PROBLEM STATEMENT
Only the closing part of the listing is wanted: reproduce exactly the line containing "Ryan Gosling Shows" and all lines below it.

RECORDS SHOWN
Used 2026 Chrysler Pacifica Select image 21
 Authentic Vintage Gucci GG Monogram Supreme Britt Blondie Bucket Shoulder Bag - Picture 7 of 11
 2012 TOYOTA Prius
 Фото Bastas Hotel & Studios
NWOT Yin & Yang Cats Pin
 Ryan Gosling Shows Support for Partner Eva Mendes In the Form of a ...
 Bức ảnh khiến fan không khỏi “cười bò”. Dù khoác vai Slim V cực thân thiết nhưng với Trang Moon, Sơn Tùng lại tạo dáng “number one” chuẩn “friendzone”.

EXPECTED ANSWER
 Ryan Gosling Shows Support for Partner Eva Mendes In the Form of a ...
 Bức ảnh khiến fan không khỏi “cười bò”. Dù khoác vai Slim V cực thân thiết nhưng với Trang Moon, Sơn Tùng lại tạo dáng “number one” chuẩn “friendzone”.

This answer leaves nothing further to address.